Brief descriptive captions:

┌──

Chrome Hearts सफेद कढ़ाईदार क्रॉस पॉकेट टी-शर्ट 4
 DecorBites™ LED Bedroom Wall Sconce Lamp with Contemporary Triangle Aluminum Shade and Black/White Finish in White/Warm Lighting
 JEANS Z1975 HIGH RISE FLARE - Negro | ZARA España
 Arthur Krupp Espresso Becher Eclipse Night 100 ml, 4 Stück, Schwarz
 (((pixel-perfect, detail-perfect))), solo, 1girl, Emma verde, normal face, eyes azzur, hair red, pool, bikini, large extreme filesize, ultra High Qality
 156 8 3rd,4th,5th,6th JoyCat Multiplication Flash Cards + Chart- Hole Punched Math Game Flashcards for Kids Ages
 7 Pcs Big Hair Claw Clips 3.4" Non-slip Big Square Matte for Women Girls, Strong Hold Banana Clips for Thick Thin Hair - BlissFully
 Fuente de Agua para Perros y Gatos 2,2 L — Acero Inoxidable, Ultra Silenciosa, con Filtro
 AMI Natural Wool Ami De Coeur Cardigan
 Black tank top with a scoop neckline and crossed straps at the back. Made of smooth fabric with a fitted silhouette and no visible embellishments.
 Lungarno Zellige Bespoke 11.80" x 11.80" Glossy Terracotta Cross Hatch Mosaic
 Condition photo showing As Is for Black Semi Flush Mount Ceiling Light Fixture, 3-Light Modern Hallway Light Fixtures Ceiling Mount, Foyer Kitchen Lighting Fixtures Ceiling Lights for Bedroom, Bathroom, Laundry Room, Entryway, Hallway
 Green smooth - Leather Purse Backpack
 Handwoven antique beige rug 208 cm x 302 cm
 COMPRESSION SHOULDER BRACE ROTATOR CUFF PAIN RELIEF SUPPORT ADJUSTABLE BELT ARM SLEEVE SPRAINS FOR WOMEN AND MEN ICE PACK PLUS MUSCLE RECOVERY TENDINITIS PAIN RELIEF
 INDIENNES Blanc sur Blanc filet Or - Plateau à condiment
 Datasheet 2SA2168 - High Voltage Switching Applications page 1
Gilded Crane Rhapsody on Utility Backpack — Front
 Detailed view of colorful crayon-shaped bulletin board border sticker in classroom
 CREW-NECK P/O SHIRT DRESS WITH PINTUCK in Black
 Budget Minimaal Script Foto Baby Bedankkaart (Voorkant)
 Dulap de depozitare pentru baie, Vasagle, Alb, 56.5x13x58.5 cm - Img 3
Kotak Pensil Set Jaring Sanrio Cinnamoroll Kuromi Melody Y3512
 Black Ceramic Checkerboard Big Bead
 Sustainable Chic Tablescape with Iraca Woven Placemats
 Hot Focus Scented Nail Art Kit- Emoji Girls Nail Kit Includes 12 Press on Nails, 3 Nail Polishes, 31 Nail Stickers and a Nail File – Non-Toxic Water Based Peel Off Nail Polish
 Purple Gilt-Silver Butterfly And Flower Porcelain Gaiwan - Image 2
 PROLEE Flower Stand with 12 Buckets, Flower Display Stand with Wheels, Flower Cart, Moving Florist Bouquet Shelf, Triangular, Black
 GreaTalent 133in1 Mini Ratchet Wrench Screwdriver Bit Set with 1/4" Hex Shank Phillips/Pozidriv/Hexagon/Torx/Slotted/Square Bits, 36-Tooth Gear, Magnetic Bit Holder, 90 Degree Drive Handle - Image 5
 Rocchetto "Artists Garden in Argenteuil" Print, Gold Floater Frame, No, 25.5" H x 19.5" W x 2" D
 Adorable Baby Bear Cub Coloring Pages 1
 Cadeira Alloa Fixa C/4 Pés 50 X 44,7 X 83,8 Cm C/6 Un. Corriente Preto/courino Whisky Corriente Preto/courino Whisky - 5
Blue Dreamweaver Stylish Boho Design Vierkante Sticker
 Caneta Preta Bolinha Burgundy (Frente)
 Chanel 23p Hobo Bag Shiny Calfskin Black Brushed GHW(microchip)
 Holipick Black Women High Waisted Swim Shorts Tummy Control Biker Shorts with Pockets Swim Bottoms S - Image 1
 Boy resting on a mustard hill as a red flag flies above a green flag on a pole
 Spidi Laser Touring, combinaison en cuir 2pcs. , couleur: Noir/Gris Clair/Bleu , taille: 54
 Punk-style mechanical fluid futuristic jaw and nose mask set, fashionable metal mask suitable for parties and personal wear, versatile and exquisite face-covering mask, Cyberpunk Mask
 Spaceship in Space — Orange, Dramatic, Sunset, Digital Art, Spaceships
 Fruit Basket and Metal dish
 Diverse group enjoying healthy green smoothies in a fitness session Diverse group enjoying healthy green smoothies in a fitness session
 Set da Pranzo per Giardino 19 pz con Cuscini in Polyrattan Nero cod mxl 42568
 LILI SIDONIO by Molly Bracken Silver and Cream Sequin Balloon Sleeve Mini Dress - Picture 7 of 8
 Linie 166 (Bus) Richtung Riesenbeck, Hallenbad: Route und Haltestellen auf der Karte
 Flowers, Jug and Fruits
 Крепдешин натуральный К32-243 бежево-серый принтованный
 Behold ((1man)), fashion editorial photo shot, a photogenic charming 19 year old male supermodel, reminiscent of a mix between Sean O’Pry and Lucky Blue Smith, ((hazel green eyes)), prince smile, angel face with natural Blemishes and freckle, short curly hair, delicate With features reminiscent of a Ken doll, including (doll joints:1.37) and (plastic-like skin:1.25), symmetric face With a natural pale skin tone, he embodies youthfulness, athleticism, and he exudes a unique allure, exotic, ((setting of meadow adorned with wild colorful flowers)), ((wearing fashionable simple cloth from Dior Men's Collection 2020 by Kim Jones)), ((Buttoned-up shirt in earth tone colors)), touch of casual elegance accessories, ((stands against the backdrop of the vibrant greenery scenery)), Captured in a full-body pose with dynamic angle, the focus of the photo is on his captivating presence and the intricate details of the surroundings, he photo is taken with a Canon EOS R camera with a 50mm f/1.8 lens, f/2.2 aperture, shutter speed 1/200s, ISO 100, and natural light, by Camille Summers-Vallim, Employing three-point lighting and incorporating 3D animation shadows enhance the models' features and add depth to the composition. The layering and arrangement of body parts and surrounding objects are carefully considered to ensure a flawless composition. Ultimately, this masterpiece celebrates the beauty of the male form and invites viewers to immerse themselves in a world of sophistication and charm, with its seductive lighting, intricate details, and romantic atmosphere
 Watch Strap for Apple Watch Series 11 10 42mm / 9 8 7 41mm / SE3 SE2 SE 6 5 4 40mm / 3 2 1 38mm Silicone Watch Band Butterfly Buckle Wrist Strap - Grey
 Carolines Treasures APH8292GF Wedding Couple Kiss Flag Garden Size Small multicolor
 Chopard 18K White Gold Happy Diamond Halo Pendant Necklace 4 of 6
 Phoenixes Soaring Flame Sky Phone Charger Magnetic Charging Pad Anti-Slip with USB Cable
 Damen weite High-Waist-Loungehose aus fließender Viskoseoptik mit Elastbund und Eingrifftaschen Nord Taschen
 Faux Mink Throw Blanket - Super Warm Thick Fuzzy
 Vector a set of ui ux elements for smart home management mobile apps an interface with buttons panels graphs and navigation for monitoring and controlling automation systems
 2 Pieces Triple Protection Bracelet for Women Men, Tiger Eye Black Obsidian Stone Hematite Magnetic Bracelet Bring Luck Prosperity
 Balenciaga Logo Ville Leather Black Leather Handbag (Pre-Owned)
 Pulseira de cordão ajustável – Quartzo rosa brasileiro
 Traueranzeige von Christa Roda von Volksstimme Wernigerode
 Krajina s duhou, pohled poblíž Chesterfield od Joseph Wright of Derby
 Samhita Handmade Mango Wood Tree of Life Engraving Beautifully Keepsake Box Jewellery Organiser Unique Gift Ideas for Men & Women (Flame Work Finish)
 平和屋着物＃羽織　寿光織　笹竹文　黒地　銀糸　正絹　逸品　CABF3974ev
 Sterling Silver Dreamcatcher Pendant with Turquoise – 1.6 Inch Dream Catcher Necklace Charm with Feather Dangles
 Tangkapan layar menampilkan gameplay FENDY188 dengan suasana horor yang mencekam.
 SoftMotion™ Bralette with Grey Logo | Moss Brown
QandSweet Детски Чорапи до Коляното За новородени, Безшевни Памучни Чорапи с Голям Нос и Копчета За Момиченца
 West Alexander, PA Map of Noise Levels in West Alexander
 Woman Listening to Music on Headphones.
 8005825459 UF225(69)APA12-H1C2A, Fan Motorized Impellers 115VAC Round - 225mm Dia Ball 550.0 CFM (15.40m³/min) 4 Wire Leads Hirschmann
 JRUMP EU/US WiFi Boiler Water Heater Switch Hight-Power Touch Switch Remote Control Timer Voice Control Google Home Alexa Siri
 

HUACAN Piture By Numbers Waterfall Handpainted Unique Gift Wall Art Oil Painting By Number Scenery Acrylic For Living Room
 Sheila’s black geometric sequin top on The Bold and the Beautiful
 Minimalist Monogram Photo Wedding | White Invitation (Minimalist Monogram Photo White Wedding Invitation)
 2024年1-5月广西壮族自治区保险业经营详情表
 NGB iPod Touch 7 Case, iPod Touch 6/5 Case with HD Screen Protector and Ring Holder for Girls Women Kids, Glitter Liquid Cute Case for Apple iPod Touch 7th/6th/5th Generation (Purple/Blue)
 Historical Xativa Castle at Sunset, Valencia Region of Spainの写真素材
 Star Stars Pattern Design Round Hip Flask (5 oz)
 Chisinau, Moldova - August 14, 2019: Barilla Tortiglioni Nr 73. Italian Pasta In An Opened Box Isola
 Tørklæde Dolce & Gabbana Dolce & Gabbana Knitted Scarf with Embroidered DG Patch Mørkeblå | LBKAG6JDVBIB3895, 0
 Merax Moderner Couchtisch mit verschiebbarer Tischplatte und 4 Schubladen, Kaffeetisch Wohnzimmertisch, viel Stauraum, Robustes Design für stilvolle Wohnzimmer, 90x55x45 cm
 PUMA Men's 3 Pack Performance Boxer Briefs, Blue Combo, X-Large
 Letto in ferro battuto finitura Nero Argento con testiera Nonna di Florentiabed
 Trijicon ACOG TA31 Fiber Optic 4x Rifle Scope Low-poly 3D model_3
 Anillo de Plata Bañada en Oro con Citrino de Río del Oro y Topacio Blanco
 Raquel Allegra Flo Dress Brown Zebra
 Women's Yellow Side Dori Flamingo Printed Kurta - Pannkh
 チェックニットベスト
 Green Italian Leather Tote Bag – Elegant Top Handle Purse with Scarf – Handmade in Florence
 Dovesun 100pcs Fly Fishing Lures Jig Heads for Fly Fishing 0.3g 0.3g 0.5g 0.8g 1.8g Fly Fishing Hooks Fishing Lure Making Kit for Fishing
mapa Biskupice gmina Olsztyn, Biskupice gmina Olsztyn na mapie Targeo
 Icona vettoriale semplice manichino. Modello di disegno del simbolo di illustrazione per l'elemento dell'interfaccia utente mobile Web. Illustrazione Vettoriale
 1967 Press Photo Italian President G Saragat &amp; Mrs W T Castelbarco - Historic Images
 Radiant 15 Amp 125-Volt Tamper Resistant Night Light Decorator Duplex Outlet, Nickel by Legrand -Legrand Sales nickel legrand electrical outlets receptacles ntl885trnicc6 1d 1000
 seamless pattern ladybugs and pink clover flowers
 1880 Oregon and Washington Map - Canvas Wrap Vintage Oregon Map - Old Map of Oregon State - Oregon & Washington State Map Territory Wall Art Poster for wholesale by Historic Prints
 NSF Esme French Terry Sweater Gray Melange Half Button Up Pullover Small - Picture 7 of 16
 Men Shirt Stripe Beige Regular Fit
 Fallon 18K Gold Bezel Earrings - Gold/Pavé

└──

What the task asks:
Copy only this part of the entries above: the line with "Chopard 18K White", the line with "Krajina s duhou, pohled", and the lines between, all exactly as written.

Output of the exercise:
 Chopard 18K White Gold Happy Diamond Halo Pendant Necklace 4 of 6
 Phoenixes Soaring Flame Sky Phone Charger Magnetic Charging Pad Anti-Slip with USB Cable
 Damen weite High-Waist-Loungehose aus fließender Viskoseoptik mit Elastbund und Eingrifftaschen Nord Taschen
 Faux Mink Throw Blanket - Super Warm Thick Fuzzy
 Vector a set of ui ux elements for smart home management mobile apps an interface with buttons panels graphs and navigation for monitoring and controlling automation systems
 2 Pieces Triple Protection Bracelet for Women Men, Tiger Eye Black Obsidian Stone Hematite Magnetic Bracelet Bring Luck Prosperity
 Balenciaga Logo Ville Leather Black Leather Handbag (Pre-Owned)
 Pulseira de cordão ajustável – Quartzo rosa brasileiro
 Traueranzeige von Christa Roda von Volksstimme Wernigerode
 Krajina s duhou, pohled poblíž Chesterfield od Joseph Wright of Derby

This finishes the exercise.